It could have been drawn by Gabrielle Chanel herself. Black. White. The timeless elegance of contrasts and clean lines. The J12 is shot through with the essence of Chanel, and yet owes nothing to Coco’s impeccable eye. This horological stroke of genius, as fresh today as eighteen years ago, is the work of Jacques Helleu, the late lamented artistic director who thirteen years earlier had taken Chanel into the world of watches with the Première. Back then, industry insiders were dubitative as to a Haute Couture house’s inclinations to break into watchmaking territory. When the J12 was launched, the barriers came down.
The ceramic revolution
Mademoiselle Chanel firmly believed that “black has everything. So has white. They have absolute beauty. They are a perfect match.” The J12 put the seal on their union and, at the same time, dropped a stylistic bombshell. High-tech ceramic had barely made inroads into watchmaking. Only Rado had thus far dared bet on this innovative and equally hard-to-machine material, with a collection unveiled in 1986. It would be down to the J12 to kickstart the trend, and spark something of a media frenzy in the process.

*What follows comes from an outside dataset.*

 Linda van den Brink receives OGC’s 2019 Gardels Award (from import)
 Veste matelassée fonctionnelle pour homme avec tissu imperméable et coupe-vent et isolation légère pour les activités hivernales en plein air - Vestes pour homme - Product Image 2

As always at Chanel, design came first, technique followed. Jacques Helleu sat down and asked himself the basic question, how could he do credit to Gabrielle Chanel’s beloved black, and how could he elevate its intensity? Ceramic quickly emerged as the perfect solution. This innovative material offers numerous advantages. Six times harder than steel, it is scratchproof, hypoallergenic and naturally adapts to the temperature of the skin. It is also highly complex to produce. Undeterred, Chanel put together its own formula, a blend of zirconium dioxide (zirconia) and yttrium oxide (yttria) powders, natural minerals, pigments and a binding agent which is heated to over 1,000°C. Machine-polished in successive stages, the result is striking. The J12’s sporty silhouette, which Jacques Helleu had imagined as simple and essential, is draped in absolute black. The ceramic case is topped by a wide bezel with a notched steel surround. The bracelet wraps its three rows of articulated links around the wrist, as supple as a second skin. Black has the final say on the dial too, interrupted only by twelve Arabic numerals, the railroad minute track in the centre, and the “Automatic” inscription that leaves no doubt as to the mechanical nature of the movement.
The J12 sparked a media frenzy. Better still, it was declared an icon of twenty-first-century watchmaking.

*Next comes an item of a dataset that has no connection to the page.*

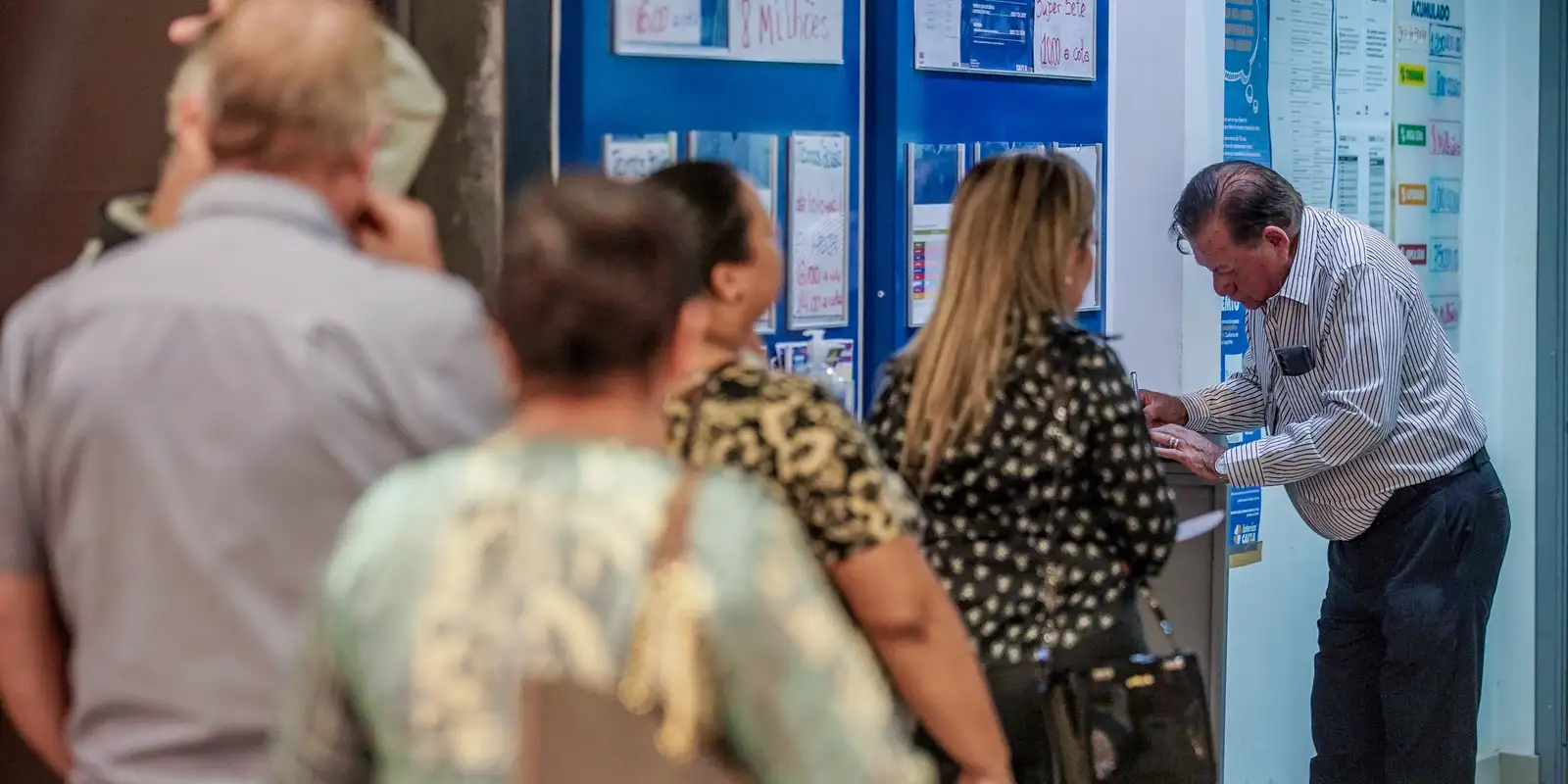 O prêmio da Mega-Sena acumula e vai a R$ 58 milhões neste domingo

From the moment it landed, the J12 took the market by storm. Journalists described it as nothing less than a phenomenon. Better still, it was declared an icon of twenty-first-century watchmaking. Understandably, given this rapturous welcome, barely three years later Chanel launched a new iteration in white ceramic, its almost opalescent sheen a reminder of the camelia Gabrielle Chanel wore in her buttonhole. As demand continued to grow, Chanel integrated the expertise of its ceramics manufacturer, G&F Châtelain, in La Chaux-de-Fonds. The J12’s whirlwind success inspired new variations with the introduction of a tourbillon in 2005. A further five years on, and more mechanical intricacies found their way into Chanel’s new icon in the form of a retrograde mysterious movement. A new year brought yet another innovation for the J12, which in 2011 became the Chromatic, its forms sculpted from titanium ceramic, the colour of a storm-laden sky, displaying different nuances as the light changes.
From haute couture to high precision
Throughout the years, the J12 has shown itself to be a most versatile design, whether dressed up for evening under a cloak of diamonds or in sports mode with a blue unidirectional rotating bezel. It can be light as a feather as the Superleggera, cut from ceramic and aluminium. Or a stickler for precision when powered by Calibre 3125, personalised by Audemars Piguet for Chanel with a black high-tech ceramic rotor mounted on ceramic bearings. It can be made for the catwalk, more glamorous than ever in its XS version, attached to a cuff in rock-chic leather or hand-embroidered with sequins by Lesage. It even lends itself to a ring, the ultimate accessory for a woman who likes to keep time close at hand. Yet however many versions it inspires, its identity is undiluted. First black. Then white. And the magic of ceramic to crown the unmistakable and elegant lines that Jacques Helleu imagined 18 years ago.